Because of this, the lender transfers the risk as a rate increase to the borrower. Although not substantial, Refinance rates are a little higher than Switch rates.
- Costs associated with Mortgage Refinances: The borrower usually carries the full costs for a refinance.
Although they may vary, the refinancing costs could be:
Legal Fees (FCT): $850.00
Appraisal Costs: $400.00
Discharge Fees: $350.00
The above costs exclude any changes to Title or legal costs incurred by using a lawyer.
Refinance costs can usually be added to the new mortgage if the mortgage, including costs, is not more than 80% of the appraised value of the property.
No matter what type of mortgage you need for your desired future, you should not just let the mortgage rate determine your new mortgage choice, instead treat your mortgage as a planning tool and work with a reputable broker you trust and who puts your interests first.
- New rates & terms: Your mortgage will be renewed at market interest rates, new terms & conditions etc. Since the new mortgage is under a new contract, a lender is under no obligation to offer a borrower similar products, rates, terms or conditions as before.
- You qualify again: If the mortgage is moved to a new lender, the borrower has to fully qualify under new mortgage rules for the new mortgage by proving income, credit etc.
- Insurable Interest Rates: Since mortgage switches are insurable the borrower should be eligible for a discounted mortgage rate without a premium.
- No mortgage penalties: Since the mortgage is renewed on the maturity date the current mortgage contract is not violated so there are no penalties to the borrower.
- Property type, current lender and current mortgage type really matter: Rental properties, mortgages from alternate lenders, collateralized mortgages, and properties with more than one mortgage secured against them (including Home Equity Lines of Credit (HELOC)) don’t qualify for a normal switch; they are always refinanced at maturity.
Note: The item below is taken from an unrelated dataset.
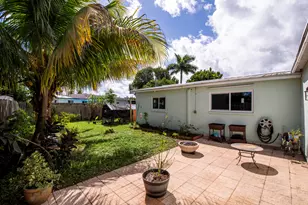3406 Capri Rd, Palm Beach Gardens, FL 33410 - Photo 14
- Payment history matters: If you have employment problems at the maturity date, but your credit is excellent and you have paid your mortgage on time for the entire term, your existing lender will usually renew your mortgage without verifying income etc. In this case, the borrower should choose the best renewal option and return the renewal agreement to the existing lender for the next term. Without verifiable income, you don’t have the option to switch or refinance your mortgage with a different lender.
- Costs associated with Mortgage Switches: A mortgage Switch is usually free to you, the borrower, except for the lender discharge fees. The new lender usually pays for the legal fees, appraisal etc., minus the discharge fees. Discharge fees usually range between $300 to $400 depending on the existing lender. The discharge fees can be added to the new mortgage without it being classified as a refinance.